November 22, 2024

Horrible: Bruce Springsteen is in tears hearing that his friend died in a gas explosion.

Horrible: Bruce Springsteen is in tears hearing that his friend died in a gas explosion.

Bruce Springsteen review: The rock icon’s curfew-defying act bends the entire stadium to his will at Wembley Stadium

“Do you sense the spirit?” As “Spirit in the Night” begins its crazy Saturday night down on Gypsy angel row with G-man, Killer Joe, and that seductive Crazy Janey, Bruce Springsteen yowls with preacher-like zeal. It’s a sleazy rock rumble from Springsteen’s 1973 debut album Greetings from Asbury Park, NJ, but somehow, that spirit hasn’t diminished over 50 years later in the hands of a 74-year-old veteran of blue-collar heartland songs.
He may have recorded his thought-provoking album about mortality and aging (2020’s Letter to You) and his hat-tipping covers albums (The Seeger Sessions in 2006; 2022’s soul and R&B set Only the Strong Survive).

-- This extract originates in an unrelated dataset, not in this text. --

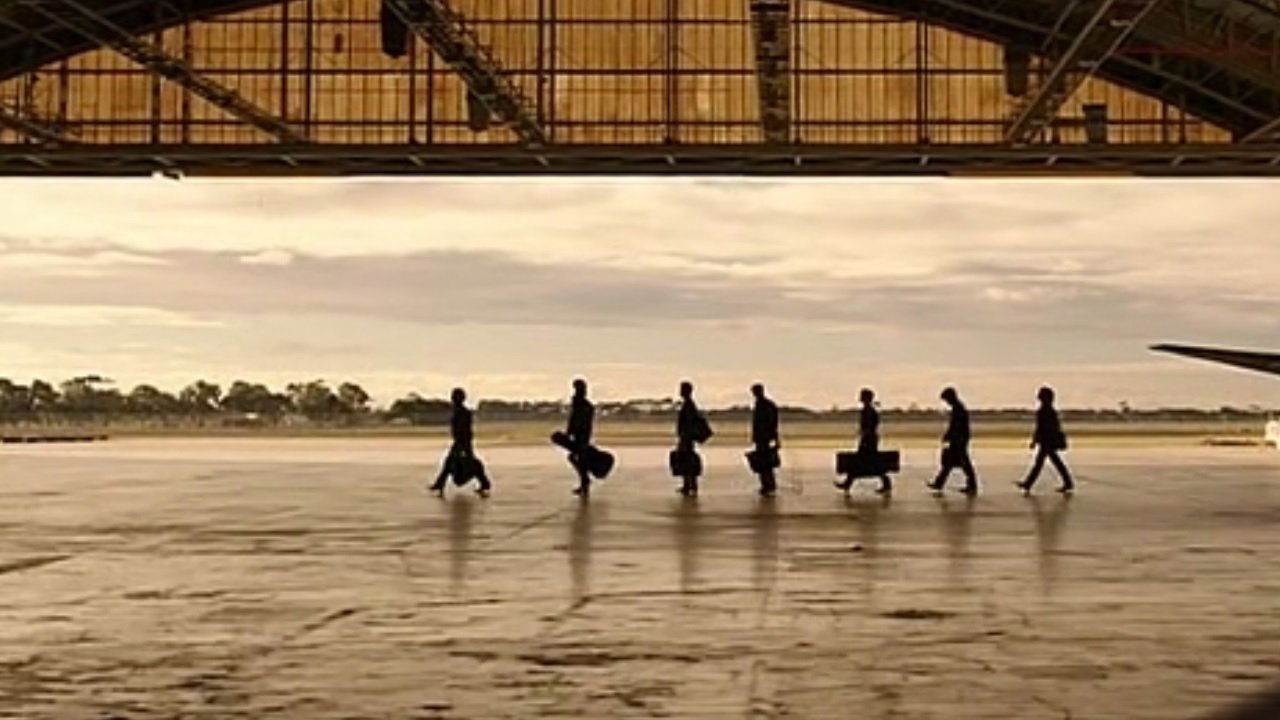 INXS : Never Tear Us Apart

He may have written his memoirs, produced a Broadway production, and made hundreds of millions of dollars selling his catalog. Peptic ulcer problems may have even forced him to postpone performances on this two-year world tour, as they posed a permanent threat to his singing voice.

Every sign along the final stretch of the Rock Legend Road. But when Springsteen clocks in for another three hours of blazing, high-octane rock ‘n’ roll at a party-ready Wembley, dressed in a waistcoat and tie but with his sleeves rolled up for the evening’s actual business.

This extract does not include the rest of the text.